* **About this exercise**
For this task, copy all of the data below exactly and skip the pictures.

* **The data**
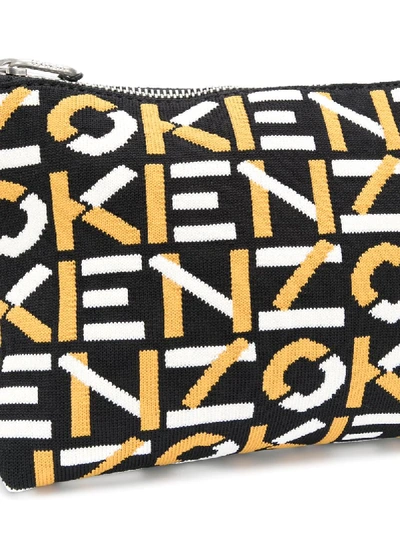 Shop Kenzo Logo-pattern Clutch Bag In Black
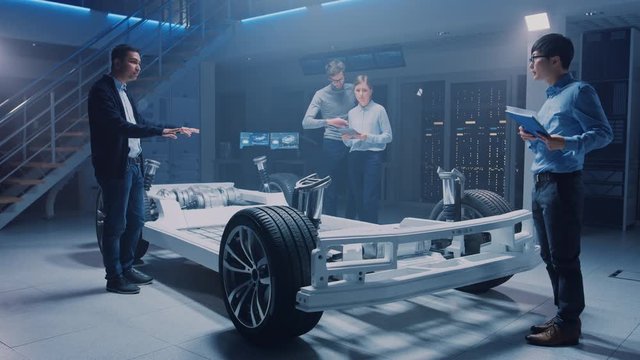 Diverse Automobile Engineers Talking while Working on Electric Car Platform Chassis Prototype. In Automotive Innovation Facility Concept Vehicle Frame Includes Tires, Suspension, Engine and Battery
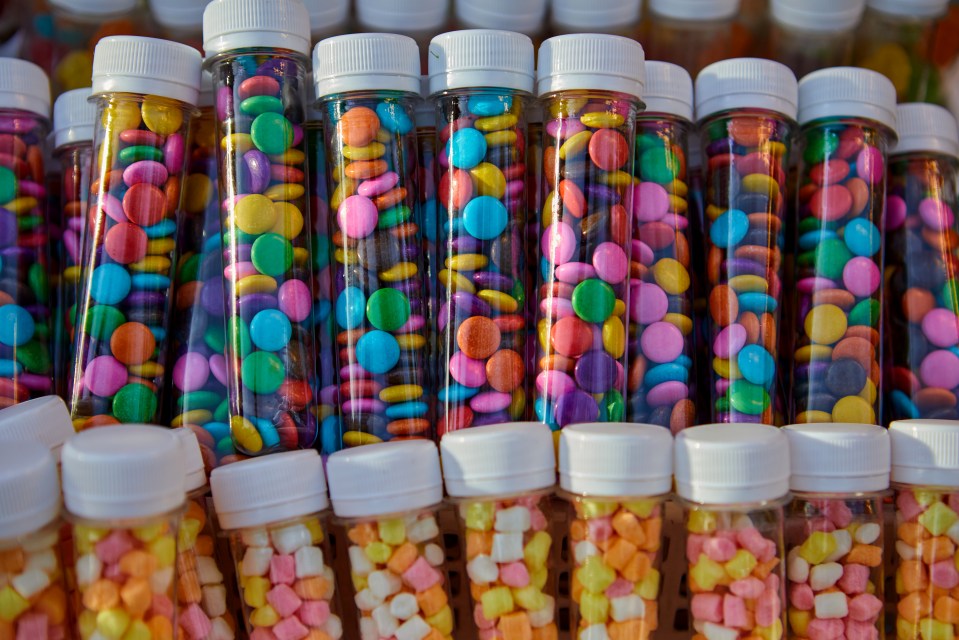 Many small jars of colorful candies.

* **Response**
 Shop Kenzo Logo-pattern Clutch Bag In Black
 Diverse Automobile Engineers Talking while Working on Electric Car Platform Chassis Prototype. In Automotive Innovation Facility Concept Vehicle Frame Includes Tires, Suspension, Engine and Battery
 Many small jars of colorful candies.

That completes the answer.